Banks shy away from DAP plant

18:15 | 08/11/2004
Commercial banks are casting a shadow over the country’s first fertiliser plant, failing to approve the $75-million loan package that the project hopes to receive this year.

The flagging agriculture sector is eagerly awaiting the proposed fertiliser plant

The four largest state-owned banks recently concluded that the diamonium phosphate (DAP) project, which broke ground last year in the Dinh Vu industrial park of Haiphong and is scheduled for completion by 2007, would have low returns-on-investment and a long pay-back period.
This low efficiency led all the banks to give a strong thumbs down on the project’s final financial package, even though the facility is already half-complete.
The Bank for Foreign Trade of Vietnam (Vietcombank), Industrial and Commercial Bank of Vietnam (Incombank), the Bank for Investment and Development of Vietnam (BIDV) and the Bank for Agriculture and Rural Development (Agribank) all denied Vinachem, the plant’s developers, the requested loan package.
Failure to procure additional funds would mean that the $200-million DAP fertiliser plant, developed by the state-owned chemical conglomerate Vinachem, would be put on ice for a while.
Despite the news, Vinachem’s general director Do Duy Phi remained positive. He believed that the government would soon step in to tackle the problem.
“This is a key project to produce goods that will reduce imports. I hope the prime minister and the Ministry of Finance will guarantee the loans as they promised they would do a long time ago,” Phi said.
A Vietcombank official told Vietnam Investment Review that their decision was based on the assessment that the DAP plant had low financial efficiency and was too dependent on investments in other related projects such as Lao Cai province’s ore exploitation and investment in railroads and seaports.
In addition, the price of DAP fertiliser that the plant will offer is higher than the imported price, which is currently around $265 per tonne.
This high price would make it hard for the country’s first fertiliser plant to stay competitive, especially when Vietnam fully joins the AFTA (Asean Free Trade Area) in the next few years.
The bank’s official said that Vietcombank had refused to fund the project from the outset, due to the bank’s opinion that the plant would be unprofitable.
To reassess its initial opinion, Vietcombank conducted a second review of the project last month.
The bank’s conclusions were the same, and it maintained its position that it would not pour money into this national-scale plant.
Directors of Agribank and BIDV echoed Vietcombank’s views, saying that it was unlikely that the fertiliser plant would secure loans from their banks.
“We are still in the process of appraising the project,” said Agribank general director Le Van So. “But there is very little chance that we will approve the loan due to the project’s low return-on-investment.”
An Agribank report points out that it would take the project six years to yield a profit and 13 years to pay off all accumulated losses.

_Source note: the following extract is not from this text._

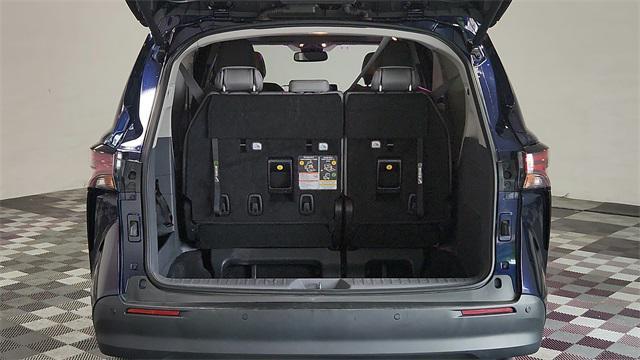 used 2024 Toyota Sienna car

However, So added that his bank would inject $40 million into the project provided three conditions were met: the Ministry of Finance write a letter of guarantee committing to pay all monies owed to the bank, including interest, if the project fails to pay; the State Bank omit the appraisal step in the loan; and the State Bank support the project developer in accessing foreign currency.

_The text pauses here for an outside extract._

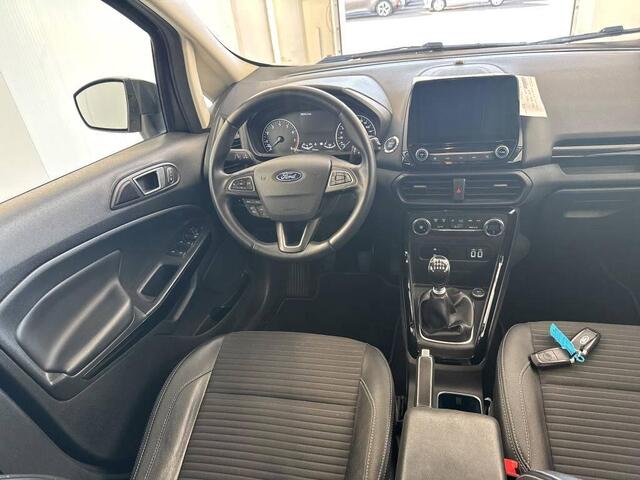 Ford ECOSPORT 125pk EcoBoost Titanium Navi Camera Trekhaak Leer DAB+ Dealeronderhouden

If these conditions were met, a source from BIDV revealed that the bank would provide an additional $10 million.
While the Ministry of Finance has yet to comment on this proposal, the State Bank already rejected one of these conditions last week.
According to the State Bank’s deputy governor Phung Khac Ke, under no circumstances would the appraisal procedure be removed, a compulsory step for a bank to give a loan.
Ke said the State Bank would not bear responsibility for commercial banks’ loans, and that no exceptions would be made.
It is expected that the DAP fertiliser plant would churn out 300,000 tonnes of fertiliser annually once it is operational, jumpstarting the country’s flagging fertiliser production and helping to reduce reliance on imports.
Vietnam currently imports 100 per cent of its annual domestic demand of around 500,000 tonnes
of diamonium phosphate fertiliser.
The country’s DAP imports account for 35 and 40 per cent of total fertiliser imports to Asian countries.